Exclude the images, then return every line below exactly as written.
-------- Data for review
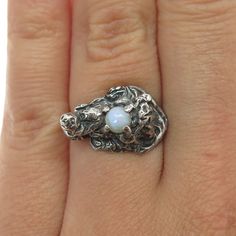 Great vintage condition.  925 Sterling Silver Vintage Real White Opal Gem Brutalist Oxidized Ring Size 6.5  Weight: 4.2g   WELCOME TO PAWN SHOP We are an actual pawn shop and have been in business for over 25 years. Since 1990, our establishment has been serving a variety of clients by providing them with short term cash solutions and options of liquidity regarding their treasured heirlooms. Acknowledging that today′s customers are very sophisticated and are looking for a variety of investments, Heirloom Sterling Silver Moonstone Ring For Formal Occasions, Heirloom Style Sterling Silver Moonstone Ring For Formal Occasions, Silver Birthstone Rings Collectible, Silver Birthstone Rings For Collectors, Heirloom Style Silver Opal Ring, Heirloom Silver Opal Ring, Antique Silver Opal Gemstone Ring, Collectible Silver Opal Ring, Heirloom Silver Moonstone Ring For Formal Occasions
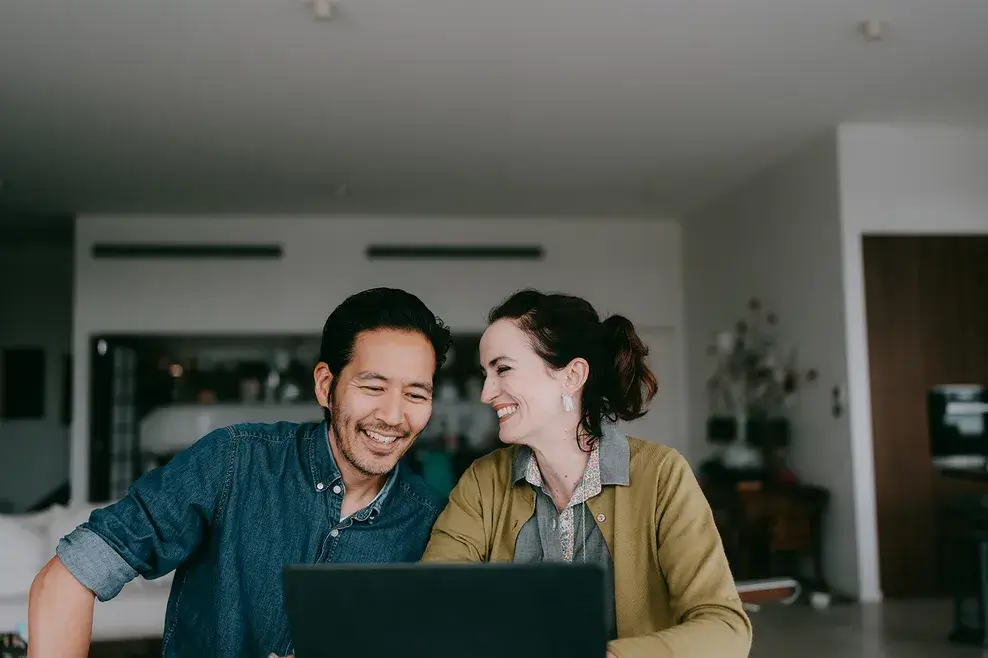 A man and woman smiling together while looking at a laptop screen in their kitchen.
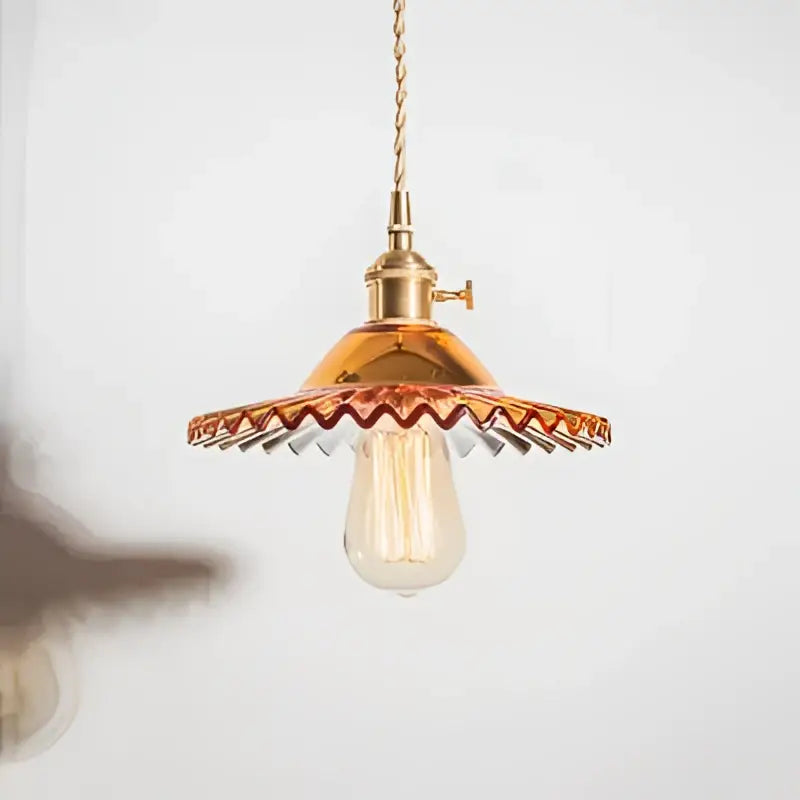 A brass pendant light with scalloped shade and exposed Edison bulb featured in decorbites copper base glass design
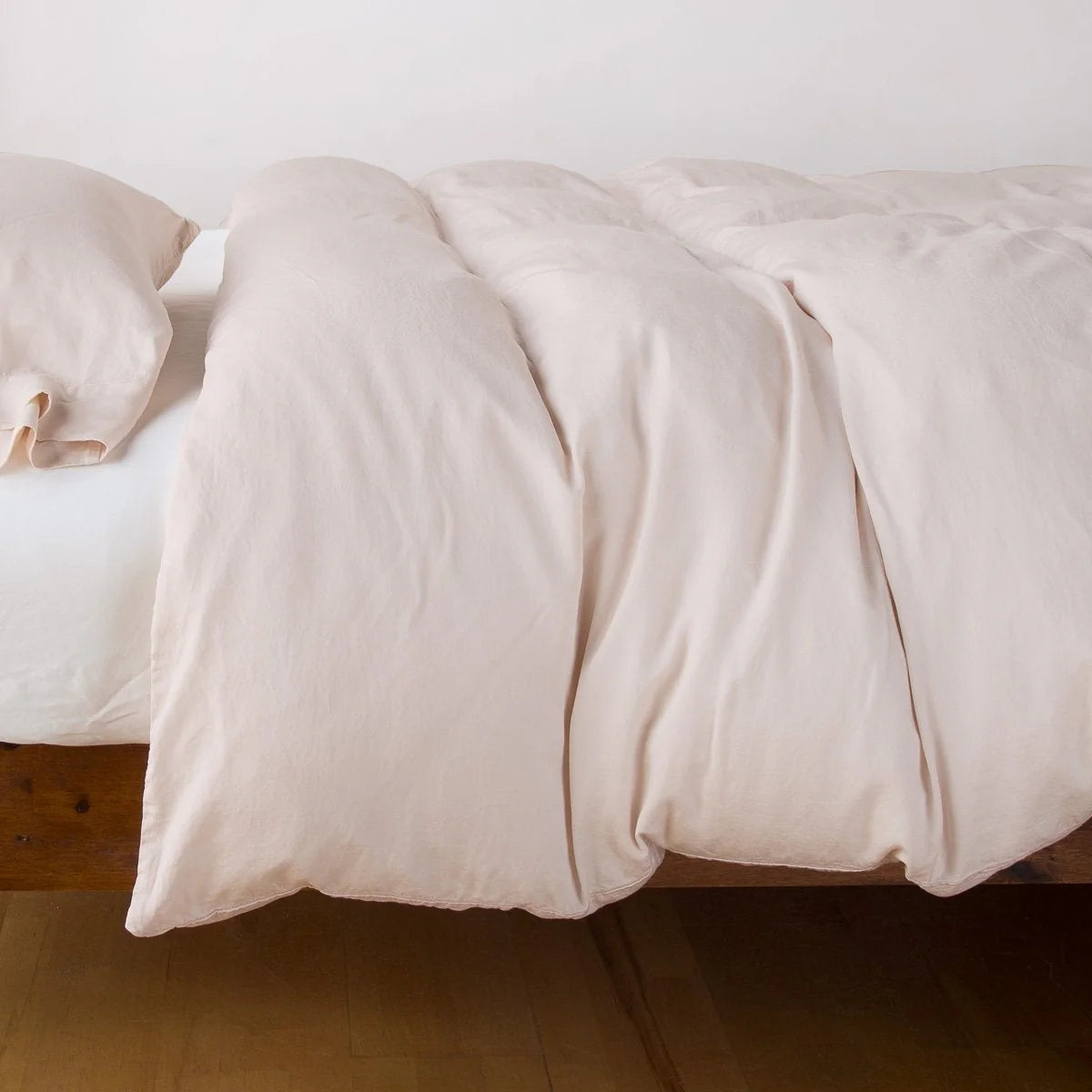 In Stock Bella Notte Madera Luxe Pearl Queen duvet cover with soft, luxurious fabric and elegant design on a neatly made bed.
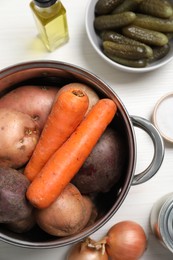 Fresh vegetables and pot on white wooden table, flat lay. Cooking vinaigrette salad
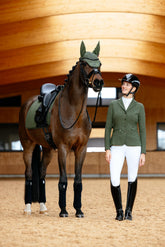 Reiterin neben Pferd mit LeMieux Essence Dressage Square Pine Green, passender Fliegenmütze und Jessica Mesh Turnierjacket in Pine Green – Pferd trägt schwarze Loire Polo Bandagen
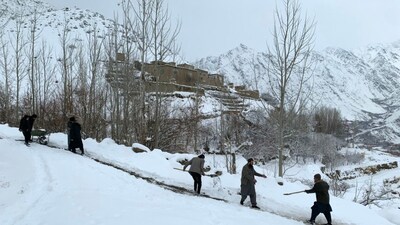 Afghan men spread dirt on a snow-covered path following the snowfall in the Dara district of Panjshir province on January 23, 2026. Snow and heavy rain have killed 61 people in Afghanistan, the disaster management authority said on January 24. (Photo by Shah Poor AFZALLY / AFP)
----------------
Solution:
 Great vintage condition.  925 Sterling Silver Vintage Real White Opal Gem Brutalist Oxidized Ring Size 6.5  Weight: 4.2g   WELCOME TO PAWN SHOP We are an actual pawn shop and have been in business for over 25 years. Since 1990, our establishment has been serving a variety of clients by providing them with short term cash solutions and options of liquidity regarding their treasured heirlooms. Acknowledging that today′s customers are very sophisticated and are looking for a variety of investments, Heirloom Sterling Silver Moonstone Ring For Formal Occasions, Heirloom Style Sterling Silver Moonstone Ring For Formal Occasions, Silver Birthstone Rings Collectible, Silver Birthstone Rings For Collectors, Heirloom Style Silver Opal Ring, Heirloom Silver Opal Ring, Antique Silver Opal Gemstone Ring, Collectible Silver Opal Ring, Heirloom Silver Moonstone Ring For Formal Occasions
 A man and woman smiling together while looking at a laptop screen in their kitchen.
 A brass pendant light with scalloped shade and exposed Edison bulb featured in decorbites copper base glass design
 In Stock Bella Notte Madera Luxe Pearl Queen duvet cover with soft, luxurious fabric and elegant design on a neatly made bed.
 Fresh vegetables and pot on white wooden table, flat lay. Cooking vinaigrette salad
 Reiterin neben Pferd mit LeMieux Essence Dressage Square Pine Green, passender Fliegenmütze und Jessica Mesh Turnierjacket in Pine Green – Pferd trägt schwarze Loire Polo Bandagen
 Afghan men spread dirt on a snow-covered path following the snowfall in the Dara district of Panjshir province on January 23, 2026. Snow and heavy rain have killed 61 people in Afghanistan, the disaster management authority said on January 24. (Photo by Shah Poor AFZALLY / AFP)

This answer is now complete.